El sueño del Apolo
Nuestro sueño infantil, cuando veíamos la serie Espacio 1999, de vivir en una ciudad selenita vestidos todos con el mismo eskijama, era un sueño y ahora es un sueño que se ha hecho viejo con nosotros.
A muchos, la muerte de Neil Armstrong les ha recordado el viaje a la luna. A otros en cambio, también nos ha hecho darnos cuenta de que, después de él, casi nadie ha vuelto a ir. En total, tan sólo doce personas han caminado sobre la superficie de nuestro satélite. No son muchas para un cuerpo celeste que está tan sólo a unos cuatro meses en coche. Lo cierto es que el alunizaje ha quedado como una rareza, incluso en la historia de la exploración espacial, un espejismo de lo que se pensaba que sería y no ha terminado de ser. No es que la investigación en el espacio se haya detenido. Pero lo que esto iba a ser era el comienzo del futuro, de un futuro en el que habría ciudades en la luna y viajes espaciales privados en cuestión de pocos años, y lo que ha resultado ser es un grandioso momento épico del pasado, una nostalgia, una imagen "vintage" más de los años sesenta, la década que sólo podemos recordar con clichés, junto con Woodstock, el mayo parisino y la guerra de Vietnam. Incluso la palabra "alunizaje" ha perdido mucho de su lustre últimamente y hoy sirve para referirse sobre todo a una técnica para robar joyerías.
La explicación es que el viaje a la luna no ha tenido continuidad porque nunca formó parte de la exploración del espacio sino de la Guerra Fría, que ya se ha acabado.
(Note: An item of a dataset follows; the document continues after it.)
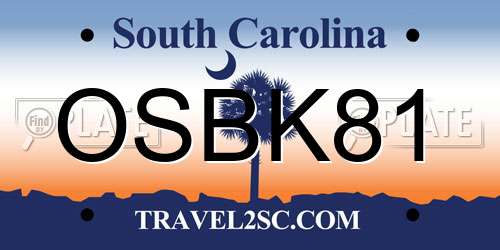 OSBK81 South Carolina License Plate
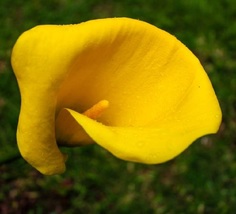 Universe Calla Lily Bulb 14/16cm - Lemon Yellow - $29.99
La luna era ya muy conocida para los científicos y, aunque sí tenía sentido hacer alunizar a un vehículo para recoger muestras, la decisión de que fuese un vuelo tripulado no añadía nada en sí a la parte técnica de la misión. Era una necesidad política, en un momento en que la URSS iba ganando la carrera del espacio. De hecho, la idea no nació en los despachos de la NASA sino en los de la Casa Blanca, y apareció por primera vez en un discurso de Kennedy, no en el memorándum de un astrofísico. Digamos que a la NASA se le encargó, básicamente, cumplir con una promesa electoral. Claro que hay promesas electorales y promesas electorales, y puestos a elegir entre prometer cargarse la seguridad social o poner a tres militares en la corteza lunar a un coste de más o menos un rescate de Bankia por cabeza (que es lo que costaría en dinero de hoy) hay que reconocer y alabar la diferencia en altura de miras.
Si se piensa un poco y se deja a un lado a Verne, también tiene cierta lógica que no haya habido ciudades en la luna. Lo imaginábamos como una solución a una catástrofe ecológica o nuclear en la tierra, y en nuestro entusiasmo raramente nos parábamos a pensar que la luna es la que es, en cierto modo, el resultado de una catástrofe ecológica: un espacio devastado por la erosión en el que no hay agua ni aire. Hacer viable la vida humana en nuestro satélite siempre será más caro y más difícil que resolver el mismo problema en la tierra. Nuestra civilización industrial requiere una infraestructura que no es replicable sin los parámetros que se dan en la tierra, y sin civilización industrial no es posible la vida en la luna, ni en la tierra para una población del tamaño actual. Ni siquiera se ha logrado hacer que las bases de la Antártida sean auto-suficientes. Ni siquiera se ha logrado que sea sostenible Seseña, que está ahí mismo en la provincia de Toledo.
Nuestro sueño infantil, cuando veíamos la serie Espacio 1999, de vivir en una ciudad selenita vestidos todos con el mismo eskijama, era un sueño y ahora es un sueño que se ha hecho viejo con nosotros. El 1999 vino y pasó, y lo más destacado de ese año resultó el establecimiento del euro. Otro sueño futurista que lleva camino de ser pasado. Quizás deberíamos dejar de darle tantas vueltas al futuro, que nunca está a la altura de las expectativas, y concentrarnos algo más en el presente, que parece que necesita bastante más trabajo.